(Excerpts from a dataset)
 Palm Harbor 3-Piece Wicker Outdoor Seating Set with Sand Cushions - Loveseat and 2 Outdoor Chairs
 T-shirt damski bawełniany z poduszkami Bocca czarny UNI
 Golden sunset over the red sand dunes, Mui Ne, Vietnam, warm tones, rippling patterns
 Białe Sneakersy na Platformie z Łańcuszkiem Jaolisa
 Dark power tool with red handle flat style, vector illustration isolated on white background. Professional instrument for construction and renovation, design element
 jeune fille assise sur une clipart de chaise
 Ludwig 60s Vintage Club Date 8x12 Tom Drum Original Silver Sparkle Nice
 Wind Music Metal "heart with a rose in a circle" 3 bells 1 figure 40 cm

= Requirement =
Reproduce every record above, word for word.

= Result for this task =
 Palm Harbor 3-Piece Wicker Outdoor Seating Set with Sand Cushions - Loveseat and 2 Outdoor Chairs
 T-shirt damski bawełniany z poduszkami Bocca czarny UNI
 Golden sunset over the red sand dunes, Mui Ne, Vietnam, warm tones, rippling patterns
 Białe Sneakersy na Platformie z Łańcuszkiem Jaolisa
 Dark power tool with red handle flat style, vector illustration isolated on white background. Professional instrument for construction and renovation, design element
 jeune fille assise sur une clipart de chaise
 Ludwig 60s Vintage Club Date 8x12 Tom Drum Original Silver Sparkle Nice
 Wind Music Metal "heart with a rose in a circle" 3 bells 1 figure 40 cm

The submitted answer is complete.